(Work order):
Skip any image you find and restate the rest of the data word for word.

[Given information Boundary: Start]

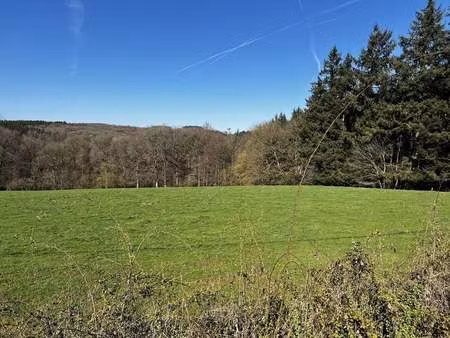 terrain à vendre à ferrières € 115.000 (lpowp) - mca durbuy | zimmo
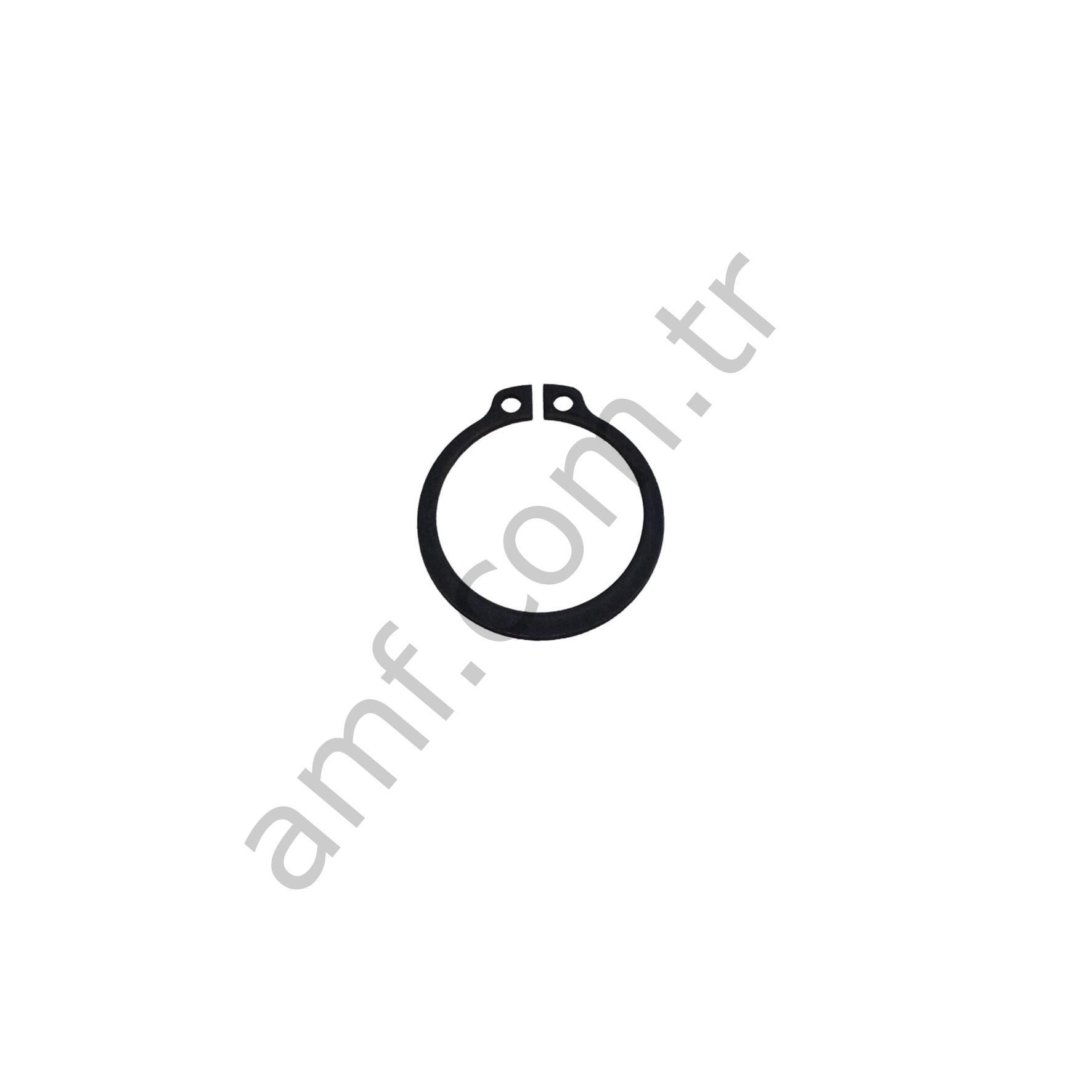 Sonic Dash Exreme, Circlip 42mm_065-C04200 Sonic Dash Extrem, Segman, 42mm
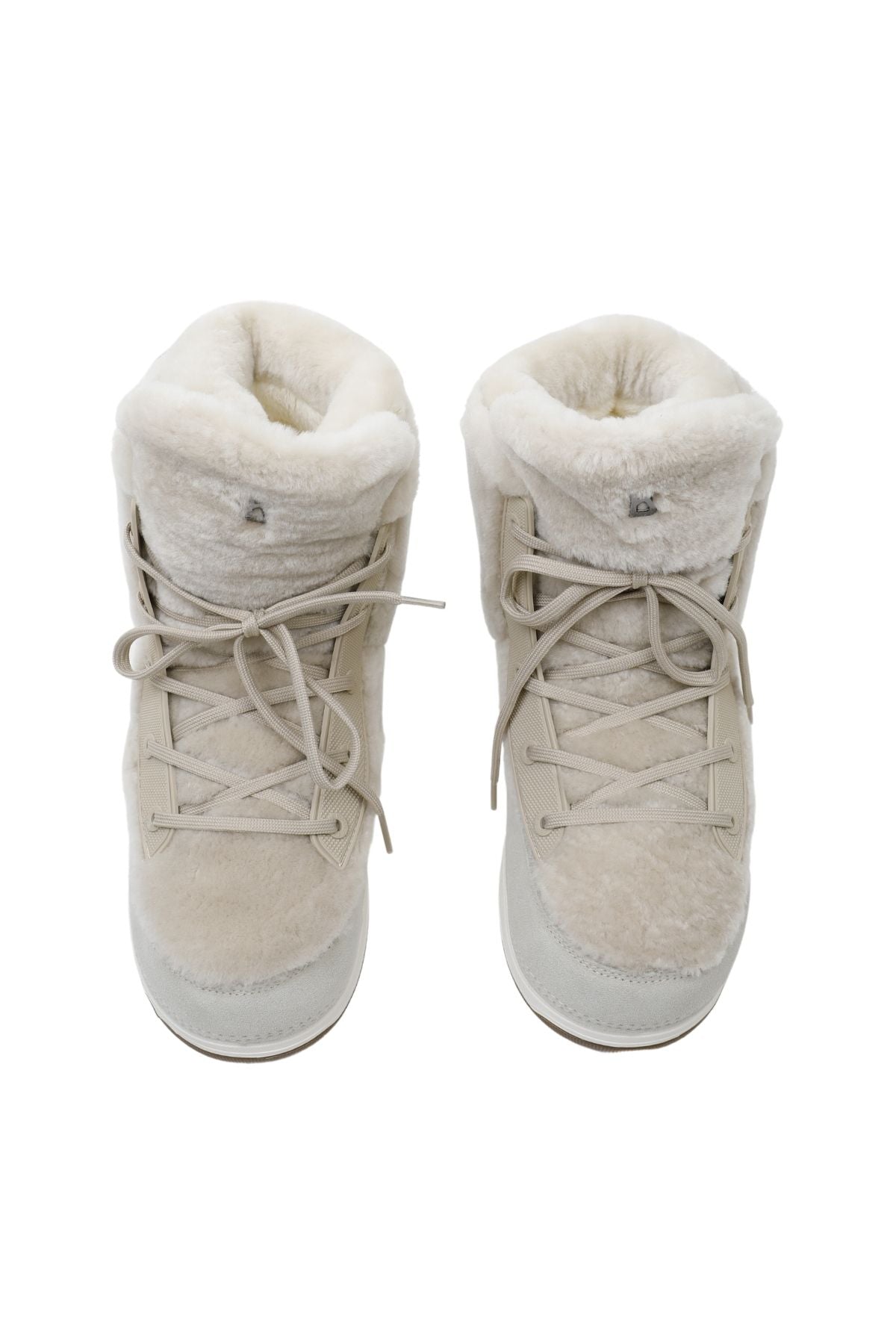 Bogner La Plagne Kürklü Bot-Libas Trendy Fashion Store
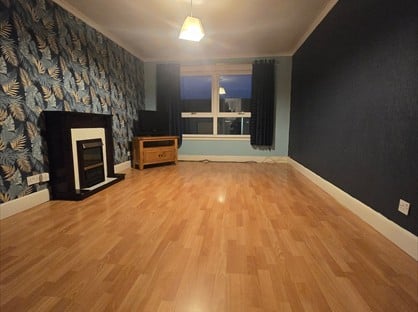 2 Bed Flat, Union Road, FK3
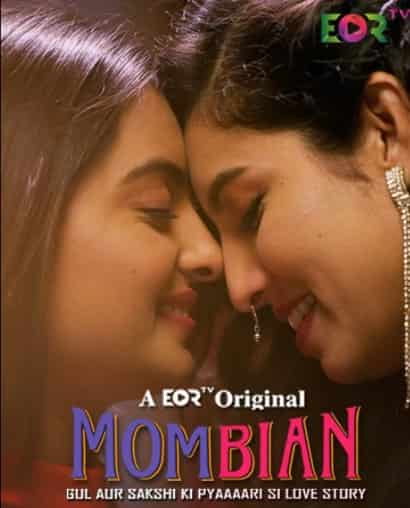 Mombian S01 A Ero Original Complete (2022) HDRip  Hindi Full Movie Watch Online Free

[Given information Boundary: End]

(Solution for this exercise):
 terrain à vendre à ferrières € 115.000 (lpowp) - mca durbuy | zimmo
 Sonic Dash Exreme, Circlip 42mm_065-C04200 Sonic Dash Extrem, Segman, 42mm
 Bogner La Plagne Kürklü Bot-Libas Trendy Fashion Store
 2 Bed Flat, Union Road, FK3
 Mombian S01 A Ero Original Complete (2022) HDRip  Hindi Full Movie Watch Online Free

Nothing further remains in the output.